Makiety wszystkich obozów można zobaczyć w niewielkim Muzeum w Opolu, a miejsca pamięci na ogromnie rozległych terenach wokół dzisiejszych Łambinowic.

Dla Ireny Jurgielewiczowej, podobnie jak dla większości jeńców okresu II wojny światowej Lamsdorf był jedynie obozem przejściowym, przystankiem w drodze do innych obozów.

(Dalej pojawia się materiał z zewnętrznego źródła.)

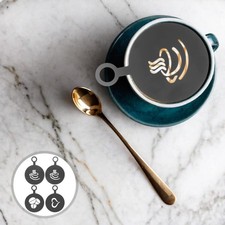 4 Pcs Stampo Per Caffè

Jego piekło połączyło wielu. Wśród tych najbardziej znanych jeńców byli:
Św. Maksymilian Kolbe – franciszkanin. Nim trafił do Auschwitz, gdzie oddał swoje życie za Franciszka Gajowniczka, przebywał w obozie tymczasowym w Lamsdorf, po tym jak 12 września 1939 r. wojska niemieckie zajęły Niepokalanów, w którym mieszkał, aresztując go wraz z innymi mieszkańcami miasteczka.
Miron Białoszewski – poeta, prozaik i dramatopisarz. Do Lamsdorf trafił w pierwszej dekadzie października 1944r., tuż po kapitulacji Warszawy, w której zginęły setki tysięcy ludzi. W obozie przebywał tylko kilka dni, dlatego na szczęście nie zdążył poznać jego grozy.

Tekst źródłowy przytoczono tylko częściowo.